12: When a friend begins telling a story he's already told you, do you let him go, or let him know?

Depends on the story and how many times I'd heard it.

13: When making a shooting-yourself gesture, do you do the gun barrel with two fingers or one? Do you insert the finger-gun into your mouth or press it to your temple?

Two fingers to the temple. Rarely do it though.

14: When driving by cows, do you give in to the urge to moo?

I have baaad back to a sheep once. He baad at me because I shouted mint sauce at him. He was probably telling me to chuff off.

15: Are you accurate at guessing people's weights and ages?

Nope. I bet people on checkouts are pretty good with ages though.

16: Look at your fingernails: did you just stretch out all five fingers, palm out, or did you fold your fingers down over your inward facing palm?

Stretch out.

17.: Do you have a system when it comes to pockets,or do you blindly dump in coins, lighter, i-pod, phone, smokes, etc., then fish around each time?

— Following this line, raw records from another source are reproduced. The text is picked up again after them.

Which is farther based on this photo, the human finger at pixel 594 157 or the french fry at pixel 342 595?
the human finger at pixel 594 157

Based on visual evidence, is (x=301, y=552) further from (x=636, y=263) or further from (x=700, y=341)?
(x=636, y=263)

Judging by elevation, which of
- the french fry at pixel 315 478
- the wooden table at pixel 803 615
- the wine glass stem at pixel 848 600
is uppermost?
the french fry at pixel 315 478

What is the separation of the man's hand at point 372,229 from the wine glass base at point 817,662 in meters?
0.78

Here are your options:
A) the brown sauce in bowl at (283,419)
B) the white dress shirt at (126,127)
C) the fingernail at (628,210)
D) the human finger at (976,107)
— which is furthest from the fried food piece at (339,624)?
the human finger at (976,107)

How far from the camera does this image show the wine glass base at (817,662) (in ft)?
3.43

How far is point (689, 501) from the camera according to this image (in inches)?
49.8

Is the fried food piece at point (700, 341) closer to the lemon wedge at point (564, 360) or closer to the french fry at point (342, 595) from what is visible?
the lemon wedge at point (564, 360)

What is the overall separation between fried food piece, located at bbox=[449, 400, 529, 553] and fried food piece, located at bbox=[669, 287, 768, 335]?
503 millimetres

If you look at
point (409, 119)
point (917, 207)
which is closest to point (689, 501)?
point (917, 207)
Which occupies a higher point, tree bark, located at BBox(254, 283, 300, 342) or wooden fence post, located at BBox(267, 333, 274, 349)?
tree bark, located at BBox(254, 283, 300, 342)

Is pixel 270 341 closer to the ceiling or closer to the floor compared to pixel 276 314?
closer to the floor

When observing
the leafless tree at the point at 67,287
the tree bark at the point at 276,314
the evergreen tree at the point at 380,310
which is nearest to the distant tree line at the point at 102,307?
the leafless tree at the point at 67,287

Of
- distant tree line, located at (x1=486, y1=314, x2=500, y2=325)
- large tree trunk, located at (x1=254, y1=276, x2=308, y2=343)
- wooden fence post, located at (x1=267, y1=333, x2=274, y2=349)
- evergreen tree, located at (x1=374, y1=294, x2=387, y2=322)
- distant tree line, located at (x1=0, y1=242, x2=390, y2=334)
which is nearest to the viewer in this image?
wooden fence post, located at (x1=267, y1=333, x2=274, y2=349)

Yeah, purse on the right coat pocket, iphone on the inner trouser / jeans pocket. Keys in the left jeans pocket, when I smoked - cigs and lighter in the left coat pocket.

18: When eating bananas, do you peel them nude at the outset or peel as you eat?

Raw bananas are vile. As is anything banoffee flavoured. Chewy banana chips are full of win though. Yeah. Weird.

19: What famous landmarks have you found especially disappointing?

I thought Paris was dull. Full of building sites and scaffolding. Landmarks don't really do much for me anyway.

20: Which do you (or would you) find more embarrassing: Crying in public by yourself on a bench or laughing out loud in public by yourself on a bench?

Erm. Neither.

21: Do you measure distance in miles or minutes?

Minutes if on foot, miles by car.

22: Do you imagine sleep as a kind of rising (you are a basket being pulled gently up in a hot air balloon) or as a kind of sinking (you are a flat stone no longer skipping, disappearing through layers of lake)?

Neither, but I view meditation as sinking.

23: How many different bathrooms would you say you use on a given day? Are there bathrooms, (not your own) that you consider a pleasure to use, even look forward to using?

Work and home usually. Toilets are toilets are toilets. Unless we're talking Trainspotting style toilets.

24: What's the strangest non-food item you swallowed as a kid?

I ate mud once. Oh and as an adult, I swallowed the ball from my tongue piercing.

25: How do you show love to what is yours, by wearing it in or attempting to keep it pristine?

Wear it. If it's yarn, stroke it reverentially.